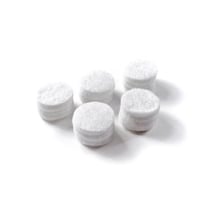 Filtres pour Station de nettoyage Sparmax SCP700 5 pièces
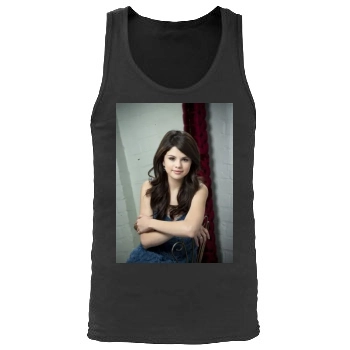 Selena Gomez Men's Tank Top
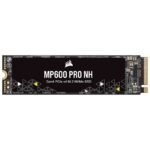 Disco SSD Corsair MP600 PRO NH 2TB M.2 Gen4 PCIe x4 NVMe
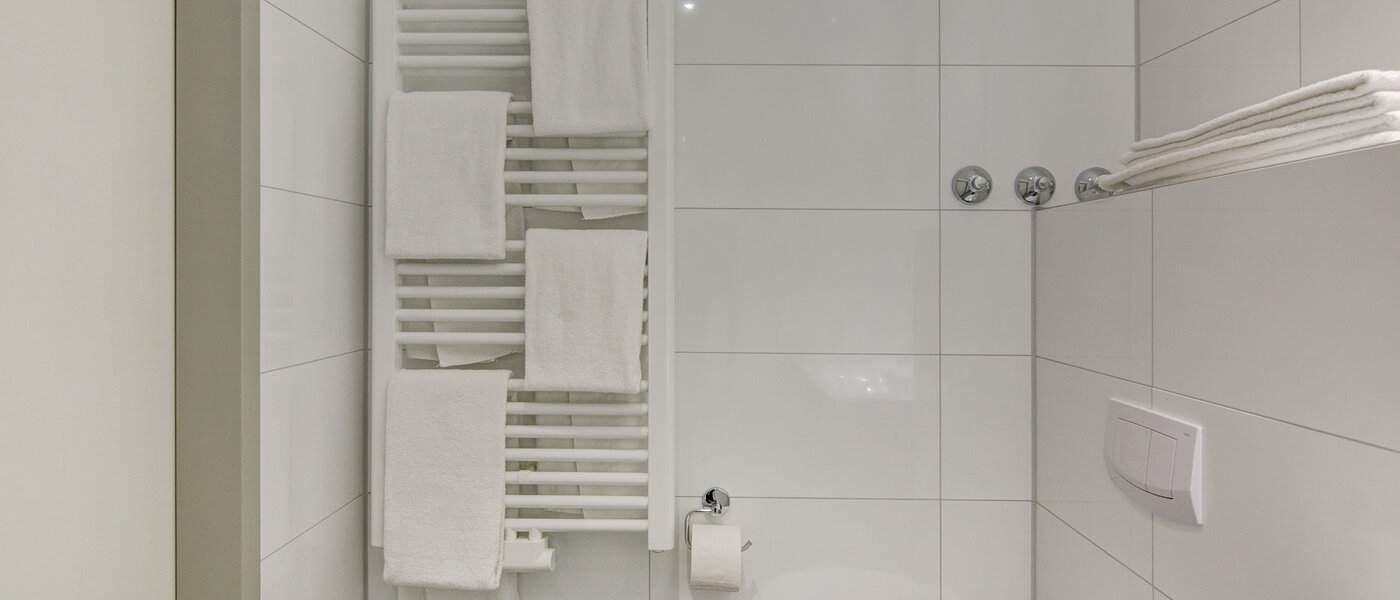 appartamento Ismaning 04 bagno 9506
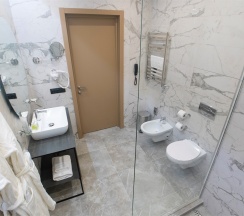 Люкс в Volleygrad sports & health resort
☆ ☆ ☆ ☆
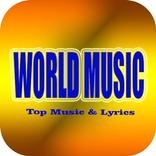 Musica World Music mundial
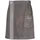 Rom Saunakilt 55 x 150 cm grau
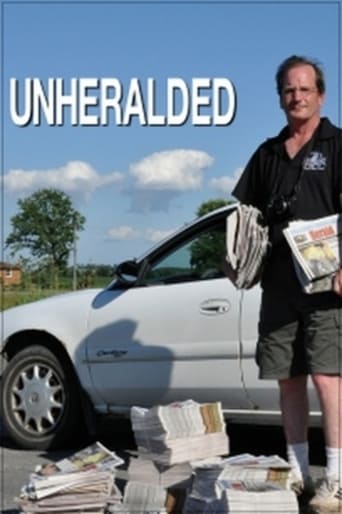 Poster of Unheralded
☆ ☆ ☆ ☆
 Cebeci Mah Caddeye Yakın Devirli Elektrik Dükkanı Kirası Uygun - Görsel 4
☆ ☆ ☆ ☆
* **How to complete this task**
In the records above, find the line with "Musica World Music mundial". Print exactly from there through the line with "Poster of Unheralded", minus the pictures.

* **Exercise output**
 Musica World Music mundial
 Rom Saunakilt 55 x 150 cm grau
 Poster of Unheralded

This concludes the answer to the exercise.